Bergenia 'Eric Smith'
Words: Graham Rice
Many bergenias are blessed with two seasons of special interest, and look pretty good the rest of the year as well. There’s winter foliage, some of the best have leaves which turn a rich red in winter. There are the spring flowers, in dramatic magenta shades, many pink tones or white. And, for the rest of the year, those bold, rounded, leathery leaves are a fine contrast to the feathery foliage of ferns and plants like daylilies with slender leaves.
There are a few that combine all these features, and a number have recently had their Award of Garden Merit confirmed after the trial at Wisley. For me, both in the trial and in my own garden, ‘Eric Smith’ has been outstanding.
In some winters, the foliage of mine has been beetroot red, a really dramatic colour, although in the trial it was a deeper, richer shade with almost brown overtones at times and salmony red underneath. With snowdrops around and among the leaves it looks amazing.

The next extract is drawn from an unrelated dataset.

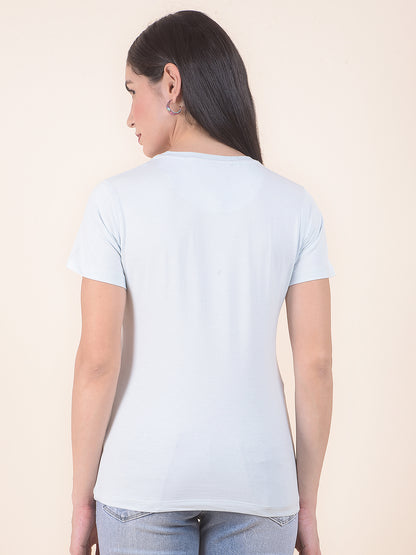 T-Shirt for Women l Breathable & Soft with Color Fastness Regular Fit Round Neck Cotton Stretch Fabric Printed Pattern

Then as the leaves become greener, the flowers emerge. On red-tinted upright stems, they’re bright and vibrant yet not so garish as to be offensive to gardeners of a more pastel persuasion. For rest of the year there’s that bold green foliage.
Great British plant breeders
Bergenia ‘Eric Smith’ commemorates one of the great British plant breeders. He raised Hosta ‘Halcyon’ and a wide range of other plants including a number of bergenias, many named after composers whose initial is B. ‘Britten’ also picked up an AGM.
‘Eric Smith’ started as a plant that he grew outside his back door when he was Head Gardener for Penelope Hobhouse at Hadspen House in Somerset. When he left, he gave the plant to Beth Chatto who introduced it with his name.